> [ABOUT THIS TASK]:
Go to the line holding "As you know, the" in the data below and repeat it exactly, then each line after it up to and including the one holding "Links being rigid". Omit pictures.

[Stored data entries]

===

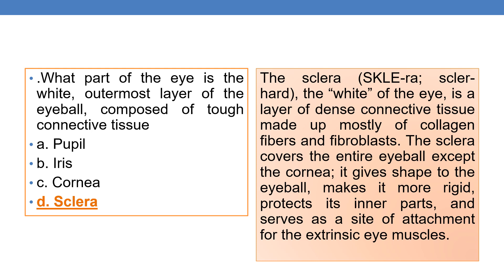Next question: what part of the eye is the white outermost layer of the eyeball composed of tough connective tissue? The answer is D — Sclera. The white of the eye is a layer of dense connective tissue made up of mostly collagen fibers and fibroblasts. The sclera covers the entire eyeball except the cornea, gives shape to the eyeball making it more rigid, protects its inner parts, and serves as a site of attachment for the eye muscles.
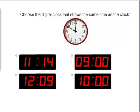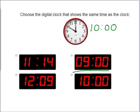As you know, the analog clock says it is 10 o'clock. So we know that this clock here is the correct answer. These two match. Let's try another one.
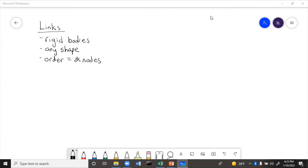Links being rigid bodies means they're not squishy. They can be any shape — you could have a triangle, a square, a rod, or even a three-dimensional object. It doesn't matter as long as it's hard.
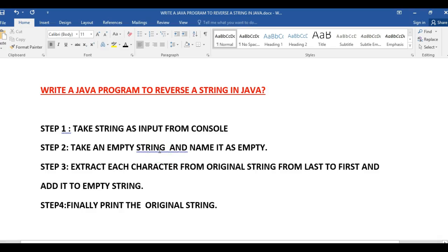Hi students, welcome to javainterviewquestions.com. In this tutorial we will write a Java program to reverse a string. In Java there are different ways to reverse a string — we'll see one example of how to do it.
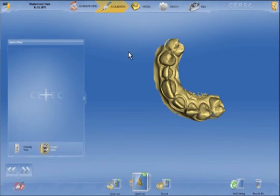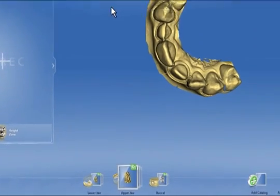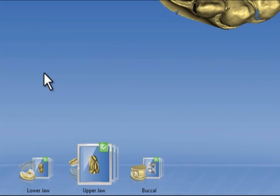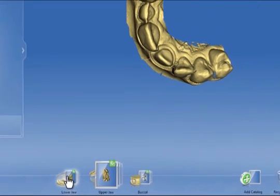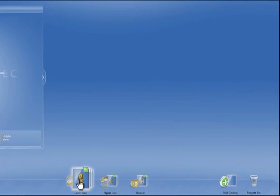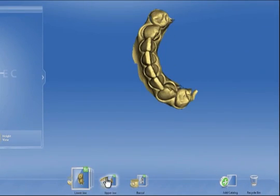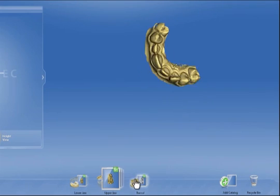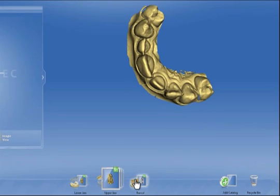Images are captured here with the intraoral camera. At the bottom of the screen are various imaging catalogs such as lower jaw, upper jaw, and buccal bite registration.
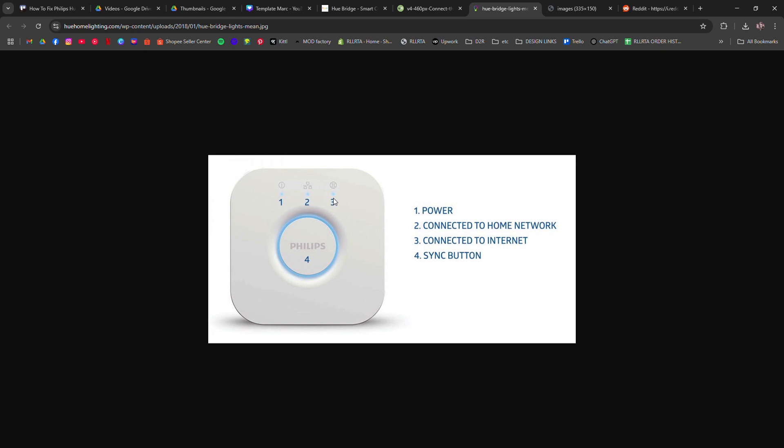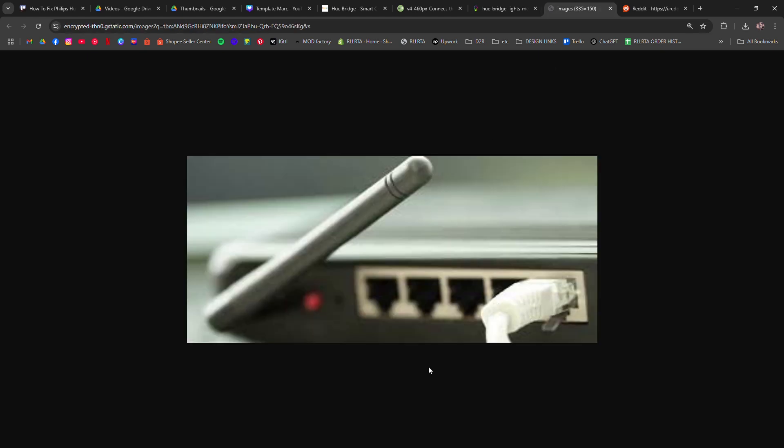Still no luck? Try a different ethernet port on your router or a different cable. You can also check your router settings. Some routers have security features like MAC address filtering that might block the bridge.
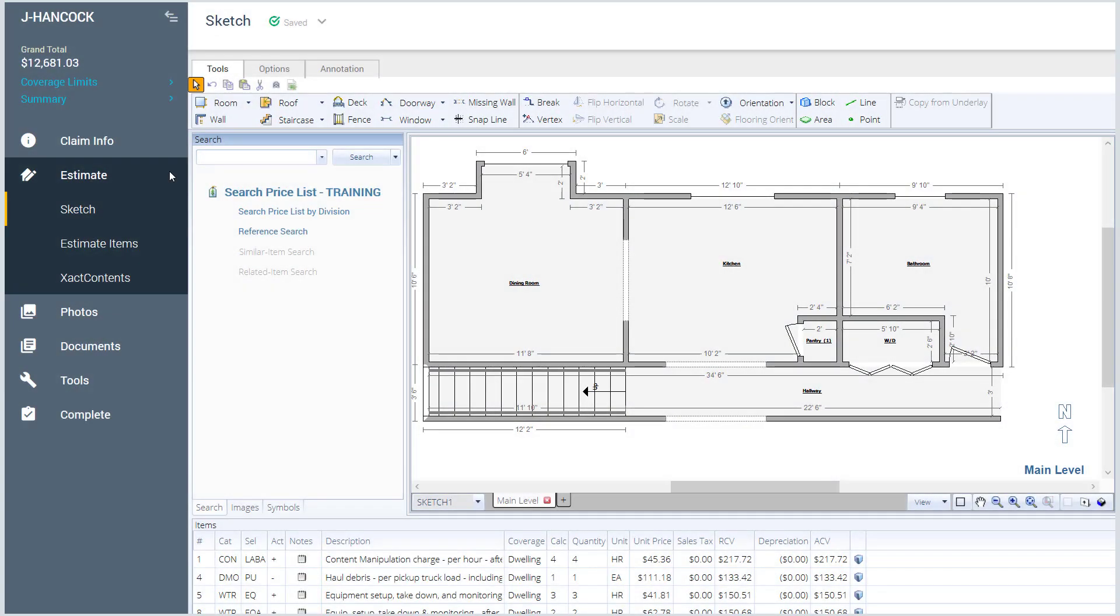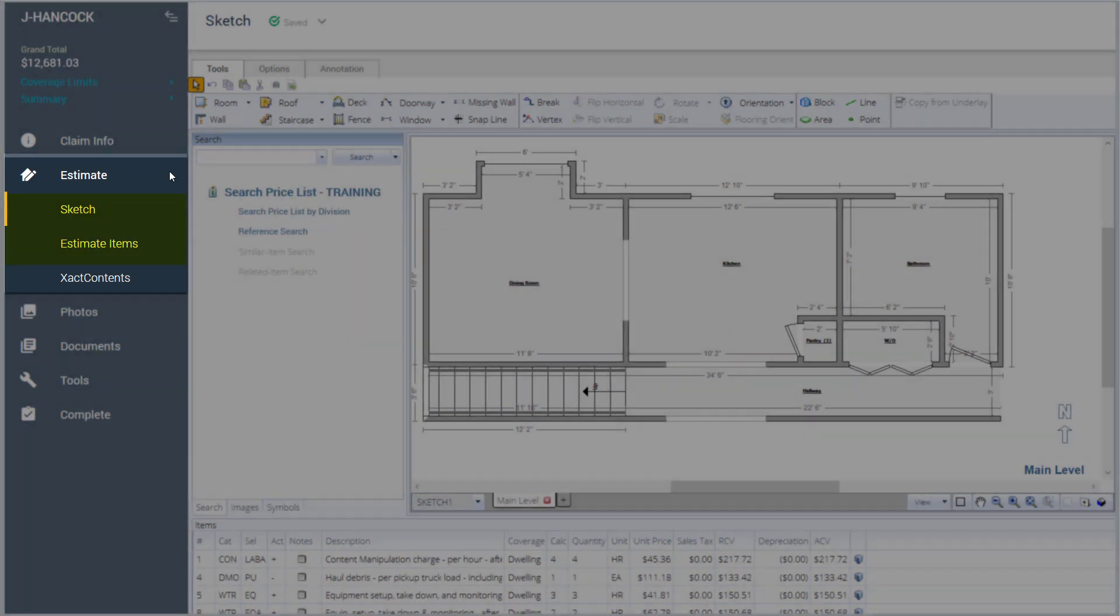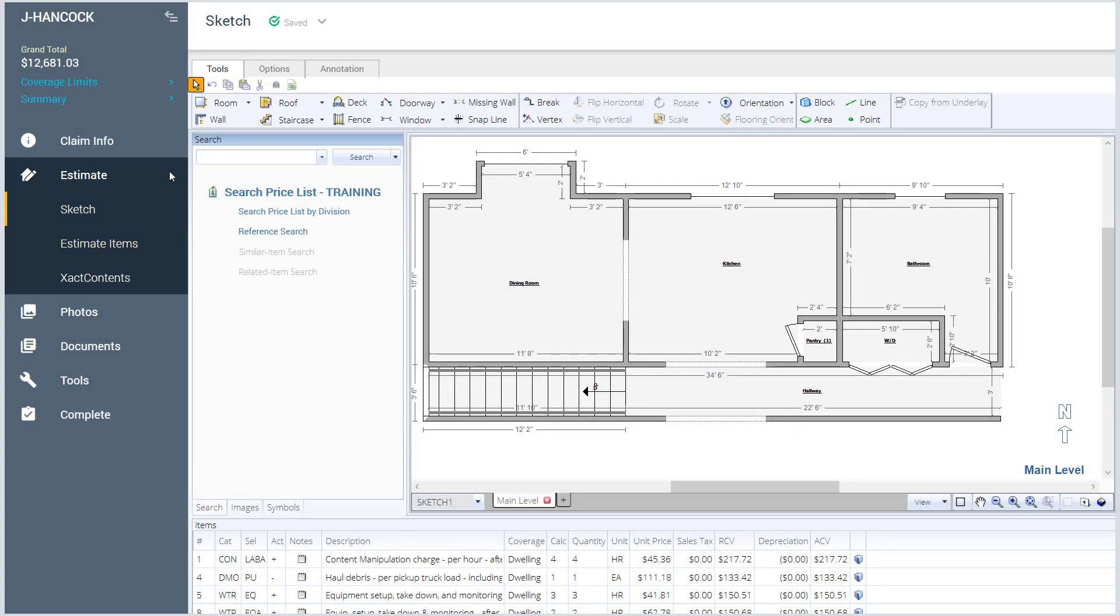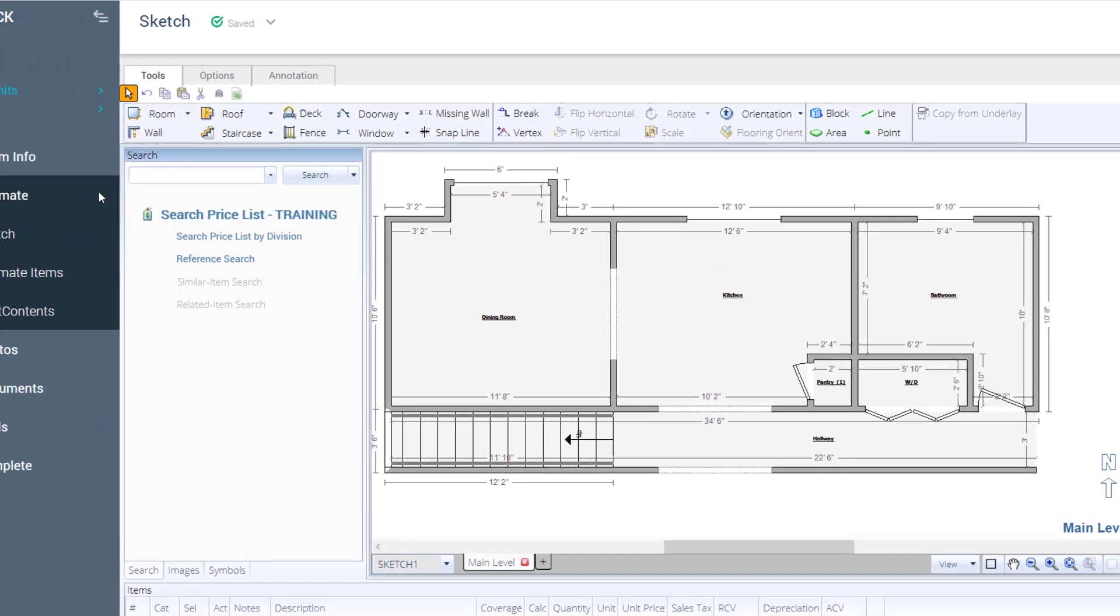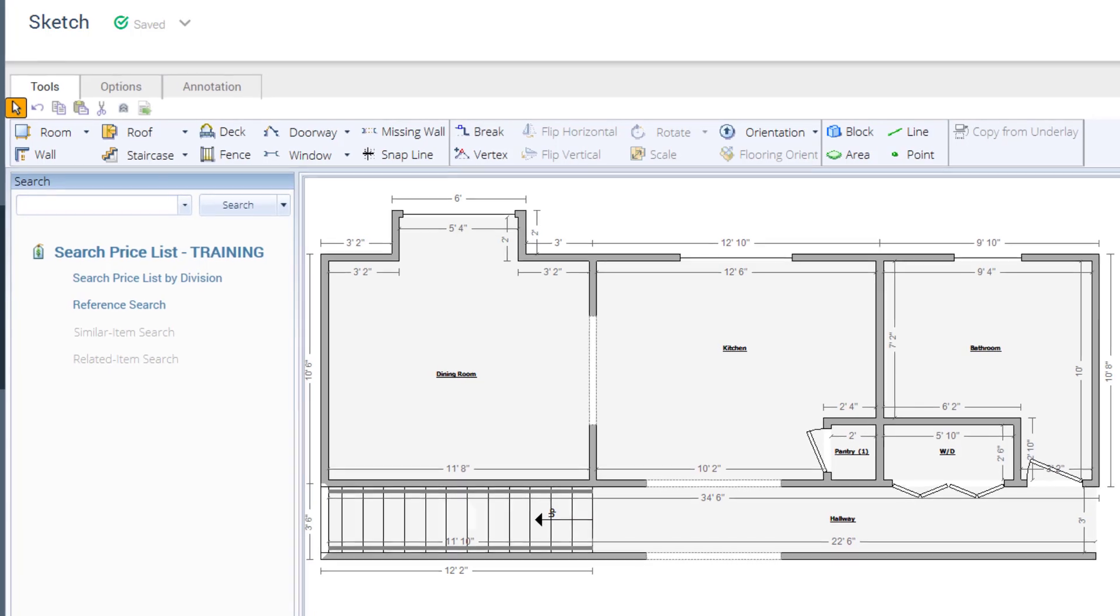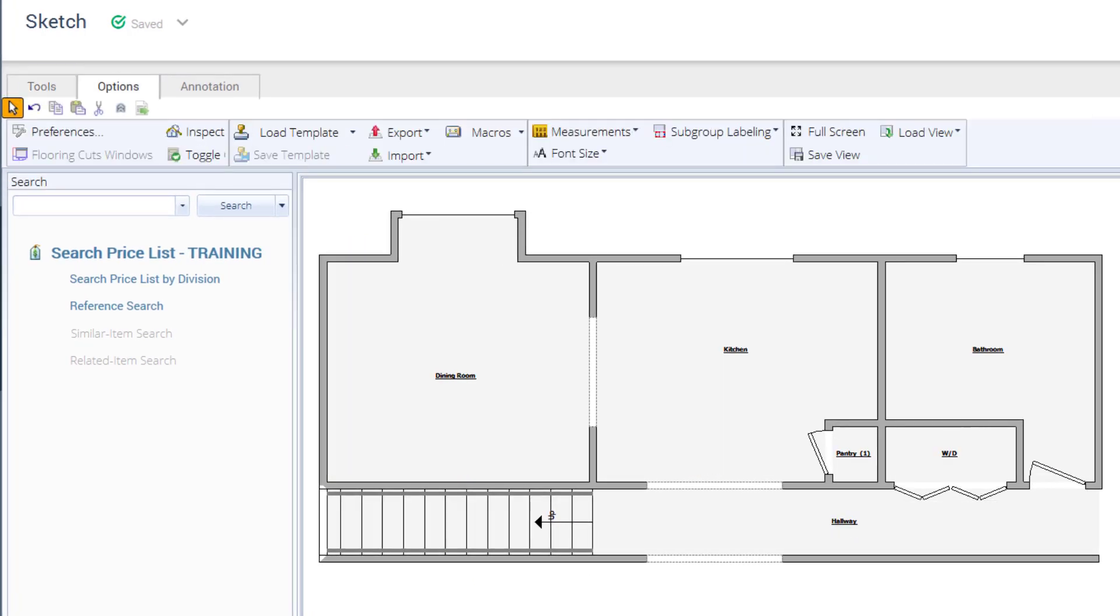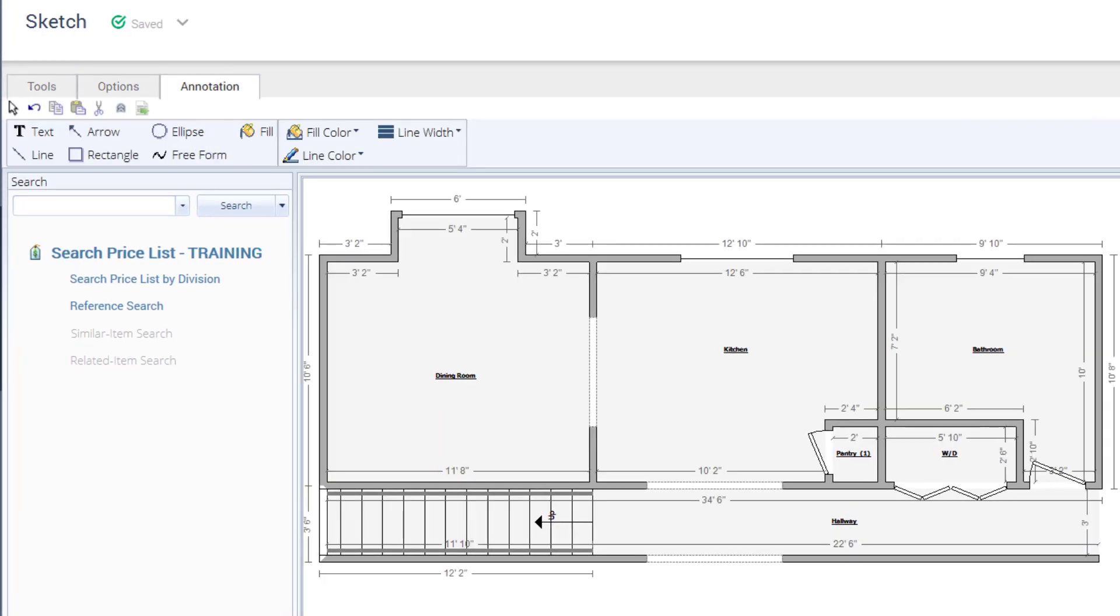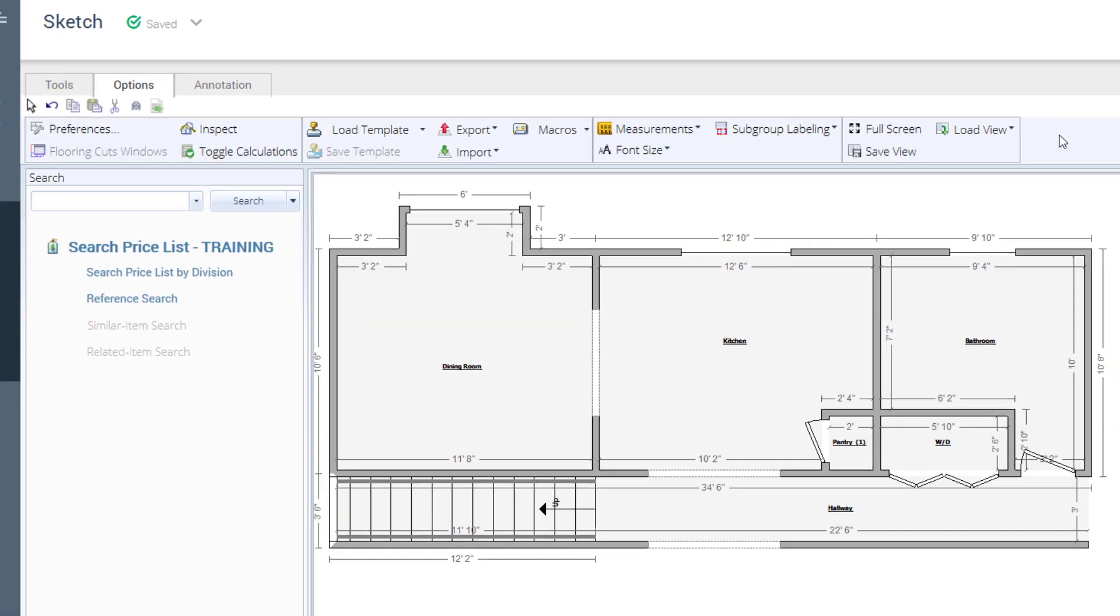In the Estimate tab, you'll notice that Sketch and Estimate items are merged under a single tab as the Estimate writer. Let's check out Sketch in the Editing toolbar. Here you will see Tools, Options, and Annotations in the menu bar, along with your Editing tools.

===

> [YOUR SOLUTION]:
As you know, the analog clock says it is 10 o'clock. So we know that this clock here is the correct answer. These two match. Let's try another one.
Links being rigid bodies means they're not squishy. They can be any shape — you could have a triangle, a square, a rod, or even a three-dimensional object. It doesn't matter as long as it's hard.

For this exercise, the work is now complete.